Spanning the vast expanse of northern China like a colossal dragon's spine, the Great Wall of China stands as an enduring symbol of human ingenuity and history. This awe-inspiring architectural marvel, built over centuries and dynasties, not only served as a formidable defense against invading forces but also represents China's rich cultural heritage.
However, this iconic symbol of China's legacy suffered damage recently when two individuals, operating an excavator, decided to create a shortcut through its ancient stones. The incident, which occurred in the northern province of Shanxi, led to the arrest of a 38-year-old man and a 55-year-old woman. Their actions were reported to the police on August 24.
The motive behind their ill-fated decision was to widen an existing cavity, thereby reducing the distance they had to travel. However, this shortcut came at a significant cost. State broadcaster CCTV reported that the suspects had inflicted "irreversible damage" upon a section of the Great Wall dating back to the Ming Dynasty, which had been described as a "relatively intact" portion of substantial research value.
Images broadcasted on Chinese state television depicted the aftermath of the incident—a dusty road carved through what appeared to be the remnants of this ancient barrier. These pictures were initially shared by the police department in Youyu County, Shanxi province, which revealed that the damaged section of the Great Wall belonged to the 32nd Great Wall established during the Ming Dynasty (1368-1644).

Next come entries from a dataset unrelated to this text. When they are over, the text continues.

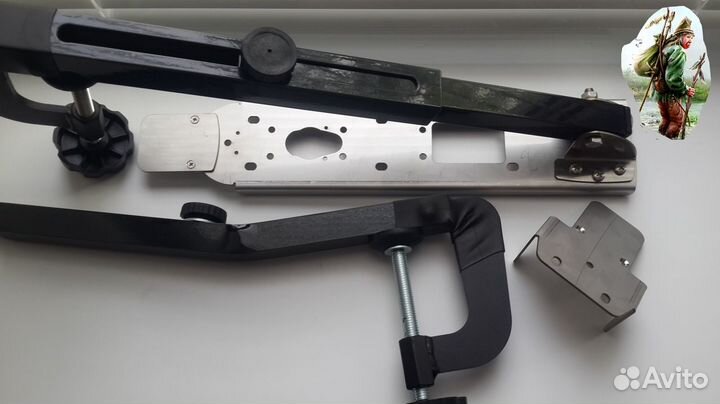 Крепление c пластиной для датчика эхолота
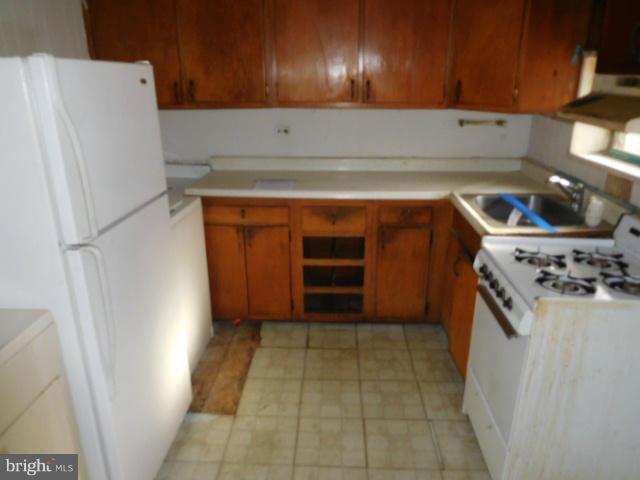 450 Roundview Road Baltimore, MD 21225 - Photo 3 of 9 Kitchen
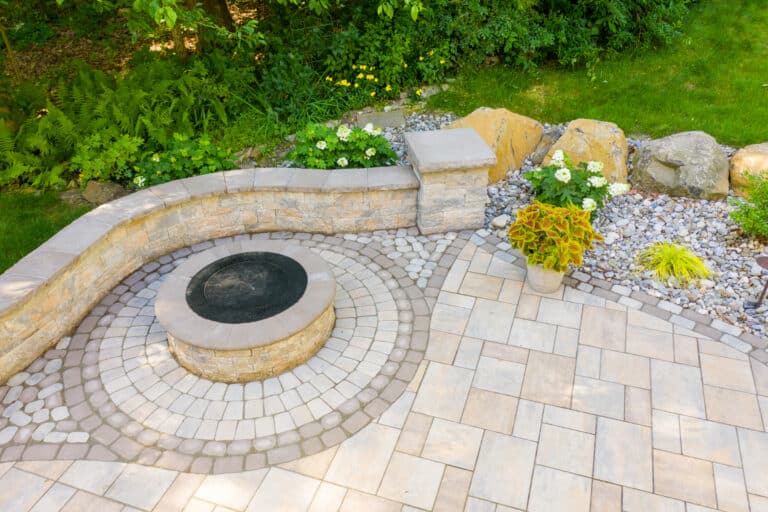 paver concrete walkway
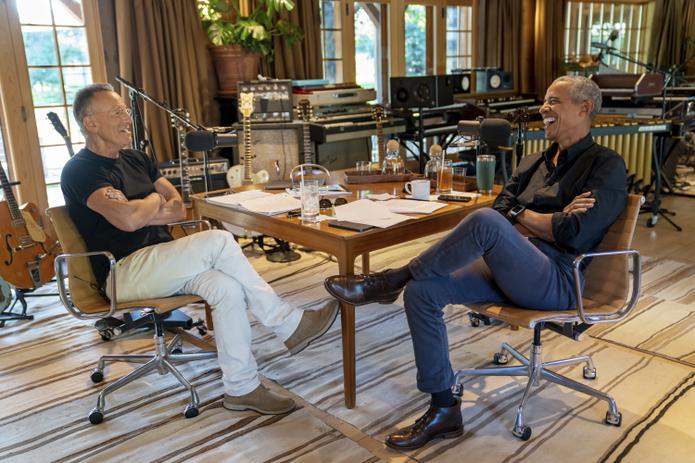 Bruce Springsteen, izquierda, con el expresidente Barack Obama durante la grabación de su podcast en la casa de Springsteen en Nueva Jersey.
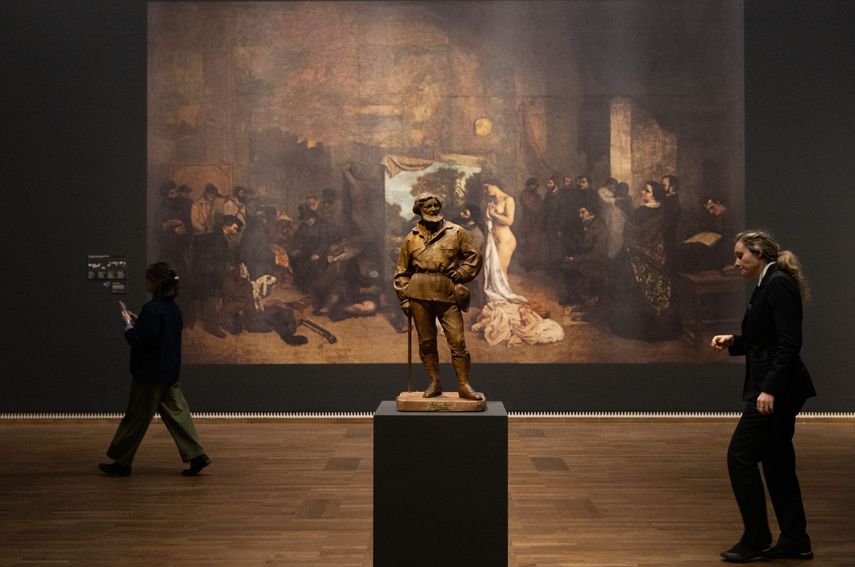 Una estatua del pintor francés Gustave Courbet realizada por el artista Louis-Joseph Leboeuf se exhibe durante la inauguración de la primera exposición individual dedicada a Gustave Courbet (1819-1877) en el Museo Leopold de Viena, Austria, el 18 de febrero de 2026.
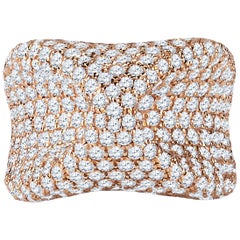 Anillo de moda con diamantes de 6,21 quilates de peso total en oro rosa de 18 quilates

Since 1987, the Great Wall has held the prestigious UNESCO World Heritage status. Its extensive length is divided into various sections that collectively stretch for thousands of kilometers. This monumental construction project commenced in the third century BC and continued to evolve over the centuries.
The Great Wall remains a magnet for millions of visitors worldwide, drawn to its grandeur and historical significance, making it a treasure of both cultural and architectural importance.